Scan the listing below for the word "Benz" and state how many lines hold it. Write nothing but the number.

- _DATA_
____
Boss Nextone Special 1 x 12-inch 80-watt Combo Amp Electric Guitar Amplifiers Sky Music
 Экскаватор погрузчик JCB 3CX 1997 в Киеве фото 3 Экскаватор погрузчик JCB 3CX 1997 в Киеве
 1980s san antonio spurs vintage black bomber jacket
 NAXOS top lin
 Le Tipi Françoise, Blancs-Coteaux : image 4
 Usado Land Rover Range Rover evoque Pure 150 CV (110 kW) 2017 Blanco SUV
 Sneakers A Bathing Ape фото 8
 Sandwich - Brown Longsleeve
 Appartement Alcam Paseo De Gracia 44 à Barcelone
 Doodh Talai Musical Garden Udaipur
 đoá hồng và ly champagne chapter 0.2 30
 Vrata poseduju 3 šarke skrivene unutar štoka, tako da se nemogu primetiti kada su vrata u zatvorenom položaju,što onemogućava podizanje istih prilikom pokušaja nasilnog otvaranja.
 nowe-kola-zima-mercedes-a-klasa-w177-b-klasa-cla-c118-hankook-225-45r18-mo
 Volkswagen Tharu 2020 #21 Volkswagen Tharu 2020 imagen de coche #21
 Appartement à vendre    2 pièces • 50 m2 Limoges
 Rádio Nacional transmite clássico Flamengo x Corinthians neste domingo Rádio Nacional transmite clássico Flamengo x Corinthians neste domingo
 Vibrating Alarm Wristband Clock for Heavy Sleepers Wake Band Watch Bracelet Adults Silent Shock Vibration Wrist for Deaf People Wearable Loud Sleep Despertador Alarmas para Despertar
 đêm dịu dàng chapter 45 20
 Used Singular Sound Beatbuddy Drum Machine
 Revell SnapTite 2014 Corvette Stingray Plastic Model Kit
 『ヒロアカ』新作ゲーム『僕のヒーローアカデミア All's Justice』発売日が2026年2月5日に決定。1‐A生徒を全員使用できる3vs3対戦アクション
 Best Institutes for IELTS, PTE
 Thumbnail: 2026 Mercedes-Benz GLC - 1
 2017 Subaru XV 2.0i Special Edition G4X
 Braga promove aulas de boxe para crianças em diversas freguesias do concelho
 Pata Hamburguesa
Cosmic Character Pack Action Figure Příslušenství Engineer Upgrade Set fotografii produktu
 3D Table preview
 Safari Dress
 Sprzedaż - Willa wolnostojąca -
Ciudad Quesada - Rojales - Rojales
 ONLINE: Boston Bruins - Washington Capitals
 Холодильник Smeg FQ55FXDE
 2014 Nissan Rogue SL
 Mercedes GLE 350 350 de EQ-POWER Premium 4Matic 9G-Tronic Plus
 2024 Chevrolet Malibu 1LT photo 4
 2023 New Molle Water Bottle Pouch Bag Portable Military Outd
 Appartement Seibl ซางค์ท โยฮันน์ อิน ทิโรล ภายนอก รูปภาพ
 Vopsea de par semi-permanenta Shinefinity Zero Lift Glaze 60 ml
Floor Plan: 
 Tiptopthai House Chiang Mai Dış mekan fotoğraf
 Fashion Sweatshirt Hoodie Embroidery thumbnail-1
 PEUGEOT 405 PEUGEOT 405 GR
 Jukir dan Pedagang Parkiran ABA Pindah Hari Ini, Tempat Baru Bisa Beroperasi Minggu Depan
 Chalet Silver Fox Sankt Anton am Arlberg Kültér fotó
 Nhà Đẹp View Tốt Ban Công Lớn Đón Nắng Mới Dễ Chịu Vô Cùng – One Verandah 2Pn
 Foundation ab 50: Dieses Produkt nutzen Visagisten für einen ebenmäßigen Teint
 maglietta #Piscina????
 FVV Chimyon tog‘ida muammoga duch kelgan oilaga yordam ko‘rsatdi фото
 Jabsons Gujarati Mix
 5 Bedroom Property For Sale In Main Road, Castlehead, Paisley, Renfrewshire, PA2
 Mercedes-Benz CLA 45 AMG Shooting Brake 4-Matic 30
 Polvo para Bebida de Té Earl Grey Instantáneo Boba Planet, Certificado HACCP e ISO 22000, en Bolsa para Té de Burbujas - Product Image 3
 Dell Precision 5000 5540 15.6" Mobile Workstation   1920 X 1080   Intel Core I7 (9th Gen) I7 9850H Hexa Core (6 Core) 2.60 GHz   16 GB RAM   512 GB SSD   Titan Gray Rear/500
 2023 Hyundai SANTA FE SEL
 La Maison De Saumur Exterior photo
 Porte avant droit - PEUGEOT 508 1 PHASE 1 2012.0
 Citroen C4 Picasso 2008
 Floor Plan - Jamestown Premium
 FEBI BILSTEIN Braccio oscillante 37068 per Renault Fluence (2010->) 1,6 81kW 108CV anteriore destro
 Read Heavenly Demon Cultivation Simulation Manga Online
____
- _REPLY TO THE EXERCISE_
2